_To do_. Reproduce the entries below exactly, but only from the line containing "Blue Yellow fabric" to the line containing "Silver Fancy Pink", inclusive.

_Brief descriptive captions_.

※ ※ ※

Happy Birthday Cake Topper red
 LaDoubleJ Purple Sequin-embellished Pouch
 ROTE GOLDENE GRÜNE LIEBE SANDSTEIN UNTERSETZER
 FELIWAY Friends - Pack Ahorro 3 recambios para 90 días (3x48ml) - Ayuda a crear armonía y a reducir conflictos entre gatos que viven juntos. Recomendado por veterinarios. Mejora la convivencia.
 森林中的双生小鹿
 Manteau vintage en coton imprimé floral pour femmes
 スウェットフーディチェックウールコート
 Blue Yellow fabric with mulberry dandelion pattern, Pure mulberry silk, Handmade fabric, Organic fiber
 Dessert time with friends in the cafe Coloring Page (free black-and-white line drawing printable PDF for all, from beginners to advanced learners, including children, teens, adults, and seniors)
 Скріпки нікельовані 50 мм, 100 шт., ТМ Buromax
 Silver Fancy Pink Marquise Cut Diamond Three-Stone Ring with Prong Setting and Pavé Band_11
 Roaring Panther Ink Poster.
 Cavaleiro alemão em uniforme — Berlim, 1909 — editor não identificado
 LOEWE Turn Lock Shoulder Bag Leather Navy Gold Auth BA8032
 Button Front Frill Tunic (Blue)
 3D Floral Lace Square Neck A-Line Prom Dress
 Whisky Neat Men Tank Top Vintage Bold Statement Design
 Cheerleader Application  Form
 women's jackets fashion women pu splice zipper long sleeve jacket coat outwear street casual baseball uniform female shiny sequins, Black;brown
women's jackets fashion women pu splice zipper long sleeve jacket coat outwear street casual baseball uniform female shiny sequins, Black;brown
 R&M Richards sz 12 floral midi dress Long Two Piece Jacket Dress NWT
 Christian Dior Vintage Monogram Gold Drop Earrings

※ ※ ※

_Output of the task_.
 Blue Yellow fabric with mulberry dandelion pattern, Pure mulberry silk, Handmade fabric, Organic fiber
 Dessert time with friends in the cafe Coloring Page (free black-and-white line drawing printable PDF for all, from beginners to advanced learners, including children, teens, adults, and seniors)
 Скріпки нікельовані 50 мм, 100 шт., ТМ Buromax
 Silver Fancy Pink Marquise Cut Diamond Three-Stone Ring with Prong Setting and Pavé Band_11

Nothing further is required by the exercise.